If your loss stays constant for the whole training, this might point to a detached tensor during the forward pass.
Could you check the .grad_fn of the model output as well as look for detach() calls or .data usage?
If possible, could you post the code so that we could have a look?

seankala · January 14, 2020, 7:27am

Hi, thanks for the reply. The model outputs a total of three values, and I’m only using two right now:

output1, output2, _ = self.model(input_profiles_pos, input_drugs_pos)
neg_output1, output2, _ = self.model(input_profiles_neg, input_drugs_neg)

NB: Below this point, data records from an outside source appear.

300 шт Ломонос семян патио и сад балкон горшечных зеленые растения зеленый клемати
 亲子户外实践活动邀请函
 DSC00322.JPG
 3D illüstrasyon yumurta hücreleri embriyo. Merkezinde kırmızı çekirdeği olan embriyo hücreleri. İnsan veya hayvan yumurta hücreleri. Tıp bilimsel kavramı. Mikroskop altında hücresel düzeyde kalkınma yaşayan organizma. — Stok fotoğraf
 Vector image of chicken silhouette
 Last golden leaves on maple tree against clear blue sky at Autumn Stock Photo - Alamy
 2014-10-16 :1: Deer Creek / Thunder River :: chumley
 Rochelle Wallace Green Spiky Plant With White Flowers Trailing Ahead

loss = self.criterion(output2, output1, neg_output1)

Just for some random background information, this is a bioinformatics project and profiles and drugs refer to genes and chemical compounds. self.criterion is triplet loss.

Each of the outputs’ .grad_fn returns:

>>> output1.grad_fn
<CopyBackwards object at 0x7f2caeee7278>
>>> neg_output1.grad_fn
<CopyBackwards object at 0x7f2caeee7278>

The code that I’m using is fairly long, but I’ll edit it into the original question.

I’m also not using any .detach or .data calls in the code.

seankala · January 14, 2020, 7:46am

I’m not sure if this is relevant or not, but I also checked the .grad and noticed that:

>>> type(output1.grad)
<class 'NoneType'>
>>> type(neg_output1.grad)
<class 'NoneType'>

Perhaps this is related to the problem?

ptrblck · January 14, 2020, 8:06am

Skimming through the code I cannot find any obvious errors, so we would need your model definition to debug it.

No, the .grad attribute won’t be kept for non-leaf tensors by default.
If you want to inspect this gradient, you would have to call output1.retain_grad() before calling backward.